# Friction proportional to v^2

1. Sep 12, 2006

### Tomsk

Hi, I'm stuck on this problem.
This was fine, it's the next bit I don't get.
From (1) I'm thinking I'll integrate up to get v, then again to get z, as v=dz/dt. The other alternative would be to treat is as a second order DE for z, but I tried that and didn't get anywhere. I also tried an integrating factor, but that didn't work either. I've currently got:

$$-\int{\frac{dv}{g+kv^2}}=t$$

But I can't integrate it! I tried the sub

$$v=\tan{\theta}$$

$$dv=\sec^2{\theta}d\theta$$

$$\Rightarrow -\int{\frac{d\theta}{g\cos^2{\theta}+k\sin^2{\theta}}$$

Now what? Maybe use:

$$\sin^2{\theta}=\frac{1-\cos{2\theta}}{2}$$

$$\cos^2{\theta}=\frac{1+\cos{2\theta}}{2}$$

? It doesn't seem to be helping!

I just noticed:

$$\int{\tan{x}dx}=\ln{\sec{x}}$$

So I think I must want v=tan(f(t)), or something. But I just don't see how I can get it. Maybe I have the wrong sub as I want sec^2 to integrate to tan.

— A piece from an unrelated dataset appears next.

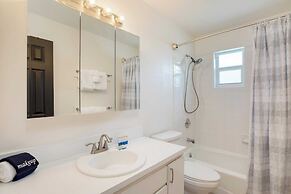 Sea Glass Secrets by Avantstay 3 Mins to Beach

Thanks in advance! (Let's hope this tex works...)

Last edited: Sep 12, 2006
2. Sep 12, 2006

### SGT

Try the substitution:
$$v=\sqrt\frac{g}{k}\cdot tan \theta$$

3. Sep 12, 2006

### Tomsk

Awesome, thanks very much! I'll hopefully be able to do the rest now.